Skip to main content

s3_reader

The s3_reader can fetch data from an S3 bucket. It works by slicing up the file into byte chunks that encompass complete records determined by the format parameter so that they can be independently read from the file.

For this processor to run, a path is required in the configuration. All intermediate directories must pre-exist, and the workers will need to have adequate permissions to read from that directory.

This reader currently only works in once jobs.

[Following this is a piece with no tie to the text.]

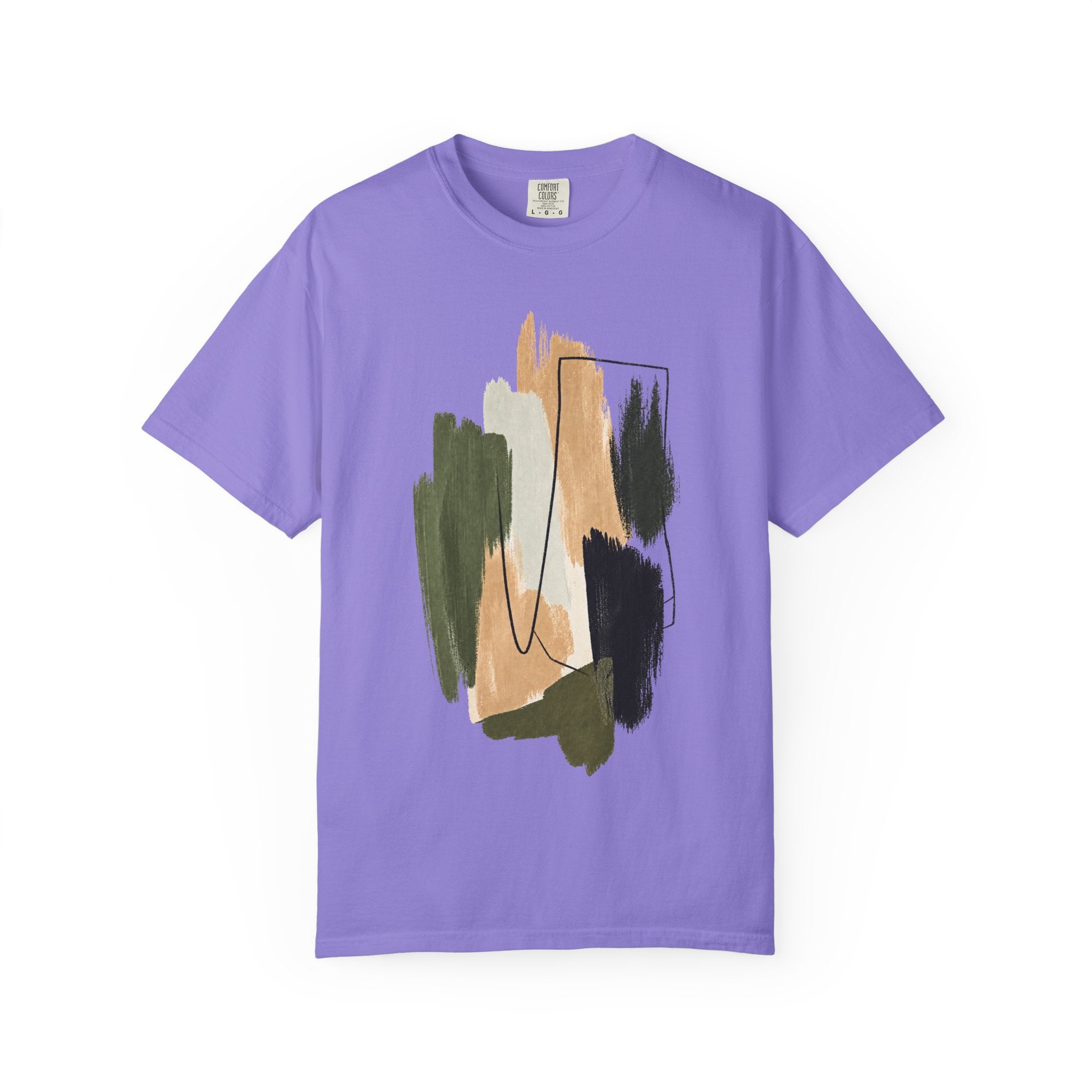 Abstract Brushstroke T-Shirt | Olive, Tan & Black Minimal Art Tee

If you are using the asset version >= 2.4.0, it should be used on teraslice >= v84.0

Usage

Read ldjson from a file

This test job will find and read the files in the /app/data/test_files. In this example, the TS cluster could be a single-node cluster or a multi-node cluster where /app/data is directory shared between all the workers.

Example Job

{
"name": "s3_reader",
"lifecycle": "once",
"workers": 10,
"max_retries": 0,
"assets": [
"file"
],
"operations": [
{
"_op": "s3_reader",
"path": "/app/data/test_files",
"size": 100000,
"format": "ldjson"
},
{
"_op": "noop"
}
]
}

Here is a representation of what the processor will do with the configuration listed in the job above

const slice =  {
path: '/app/data/test_files/someFile.txt',
offset: 0,
total: 364,
length: 364
}

const results = await reader.run(slice);

results === [{ some: 'records'}, { more: 'data' }]

Parameters

ConfigurationDescriptionTypeNotes
_opName of operation, it must reflect the exact name of the fileStringrequired
_api_nameName of api used for s3_readerStringrequired

API usage in a job

In file_assets v4, teraslice apis must be set within the job configuration. Teraslice will no longer automatically setup the api for you. All fields related to the api that were previously allowed on the operation config must be specified in the api config. Configurations for the api should no longer be set on the operation as they will be ignored. The api's _name must match the operation's _api_name.

{
"name": "s3_reader",
"lifecycle": "once",
"workers": 1,
"max_retries": 0,
"assets": [
"file",
"standard"
],
"apis": [
{
"_name": "s3_reader_api",
"path": "/app/data/test_files",
"format": "tsv",
"file_per_slice": true,
"include_header": true,
"size": 100000
}
],
"operations": [
{
"_op": "s3_reader",
"_api_name": "s3_reader_api"
},
{
"_op": "noop"
}
]
}